PROBLEM REQUIREMENTS: In the records below, some lines contain "equals"; state the number of such lines and nothing else.

EXTRACTED RECORDS:
——
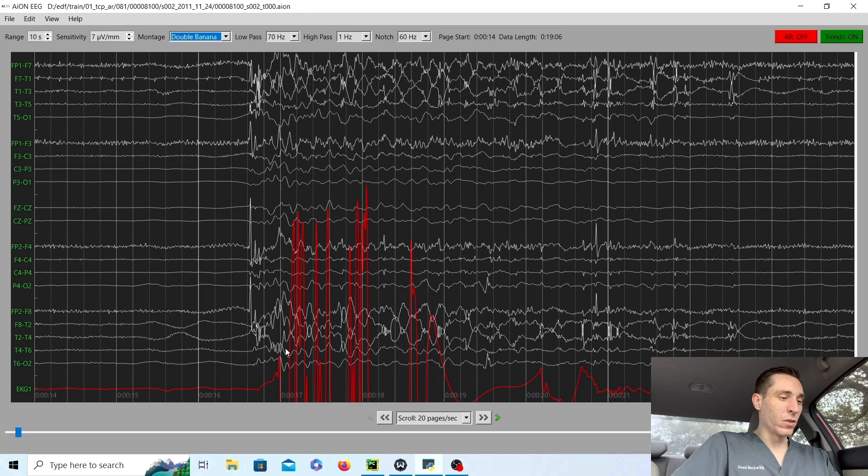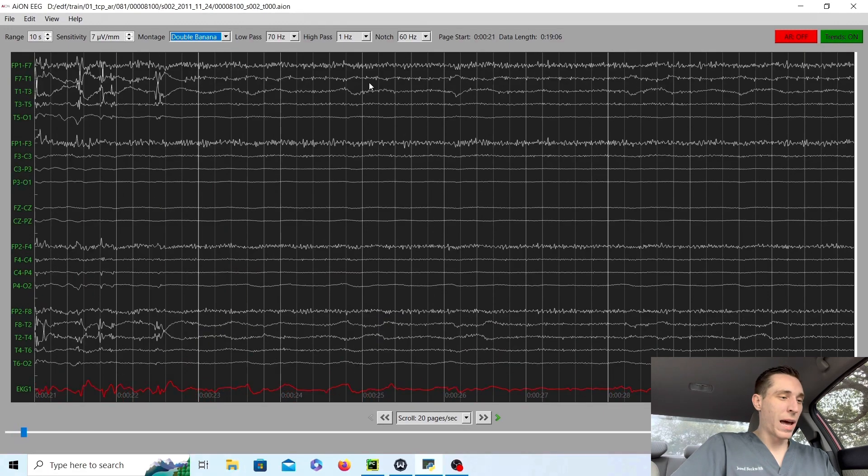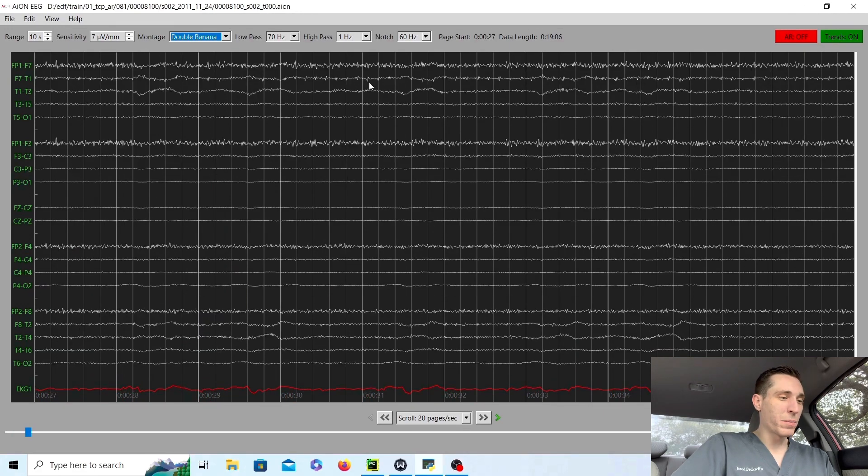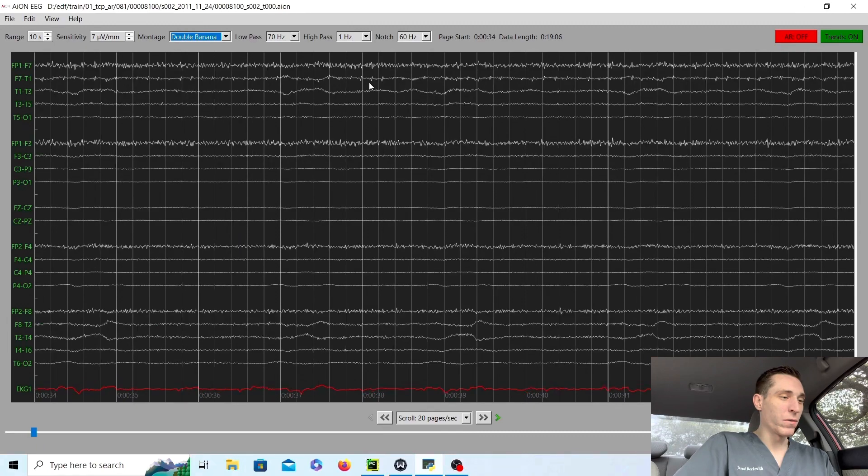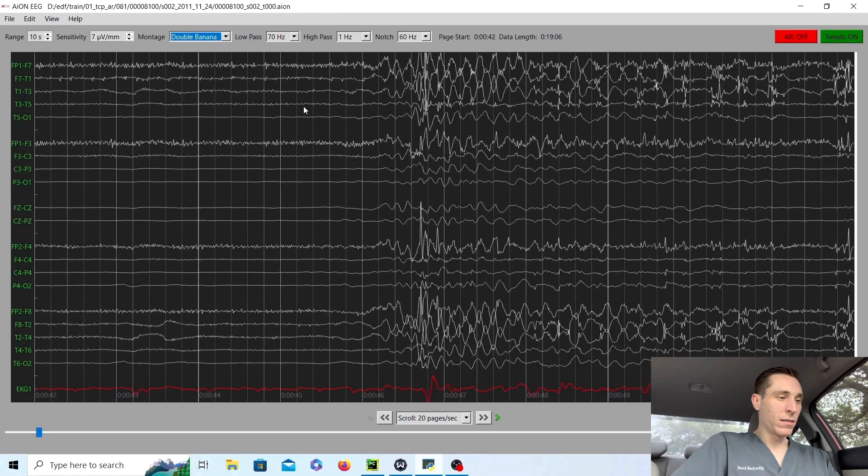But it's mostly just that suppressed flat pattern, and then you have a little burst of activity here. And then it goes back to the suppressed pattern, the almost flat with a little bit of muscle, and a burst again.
——
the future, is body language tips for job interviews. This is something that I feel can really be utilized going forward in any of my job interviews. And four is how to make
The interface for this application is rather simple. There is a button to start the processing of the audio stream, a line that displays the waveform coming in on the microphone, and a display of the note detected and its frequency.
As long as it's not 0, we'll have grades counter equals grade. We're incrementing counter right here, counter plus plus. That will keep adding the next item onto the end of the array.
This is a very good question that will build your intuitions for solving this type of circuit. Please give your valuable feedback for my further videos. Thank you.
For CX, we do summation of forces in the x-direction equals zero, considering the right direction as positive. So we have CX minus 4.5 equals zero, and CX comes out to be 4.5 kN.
——
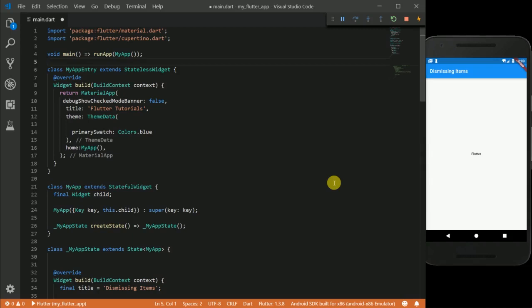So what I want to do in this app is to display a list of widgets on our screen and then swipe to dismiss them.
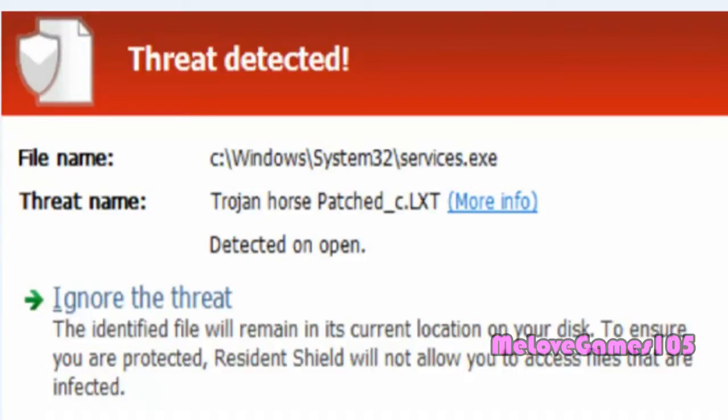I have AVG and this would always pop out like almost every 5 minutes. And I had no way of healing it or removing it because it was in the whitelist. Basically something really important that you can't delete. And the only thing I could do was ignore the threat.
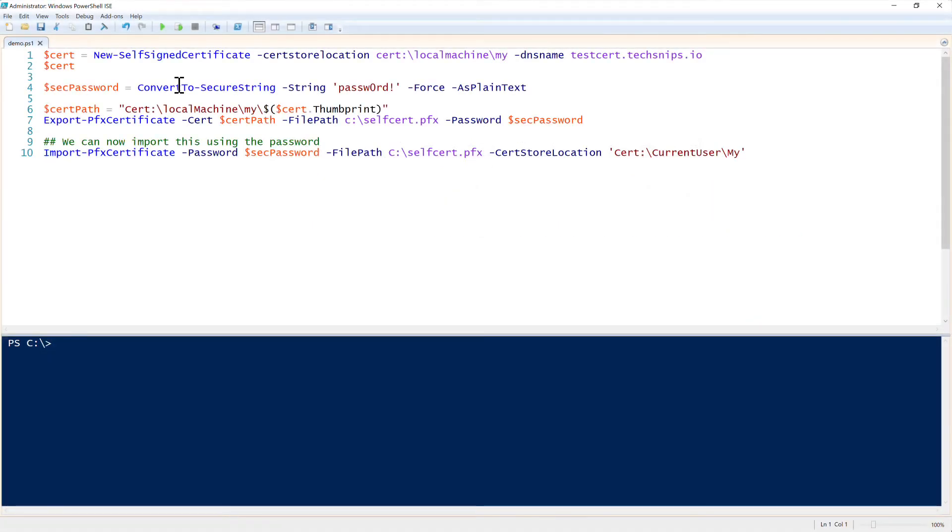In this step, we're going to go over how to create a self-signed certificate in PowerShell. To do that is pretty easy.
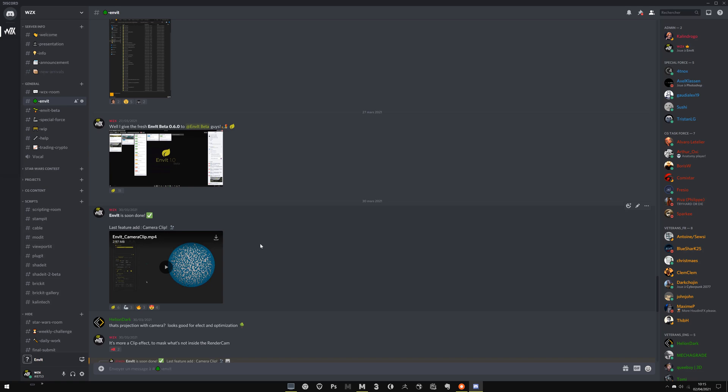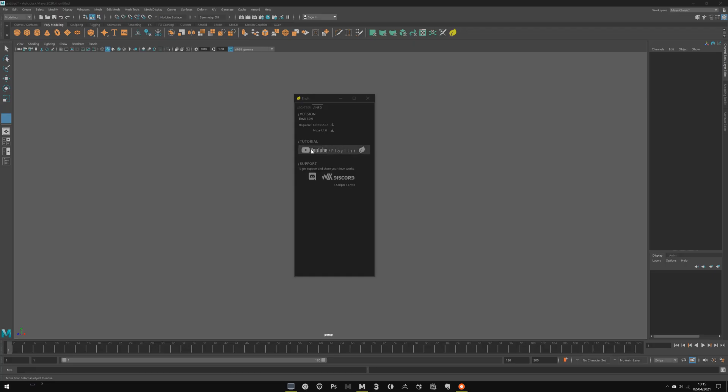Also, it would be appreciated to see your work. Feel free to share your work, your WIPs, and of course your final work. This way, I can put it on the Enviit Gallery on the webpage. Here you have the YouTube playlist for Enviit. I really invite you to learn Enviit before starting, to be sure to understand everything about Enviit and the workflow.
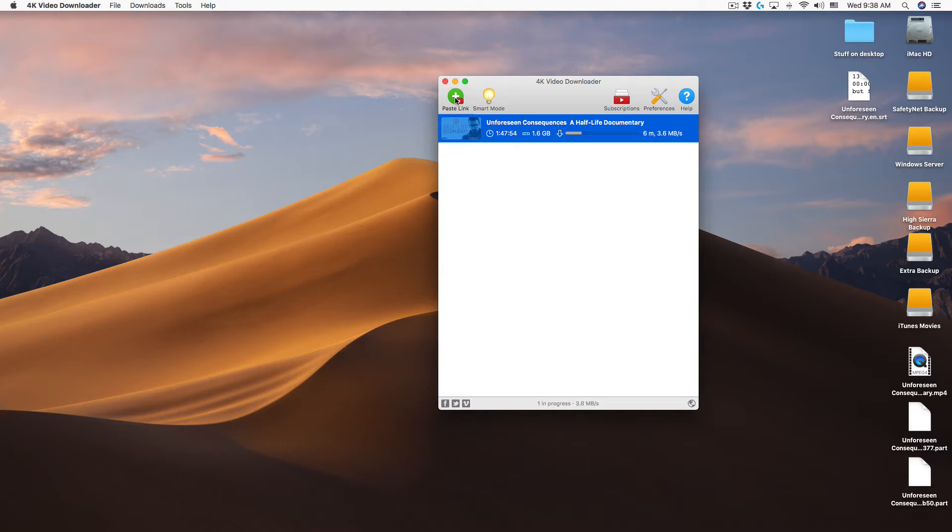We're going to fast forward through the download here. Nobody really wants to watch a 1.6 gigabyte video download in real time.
——
ANSWER BELOW: 2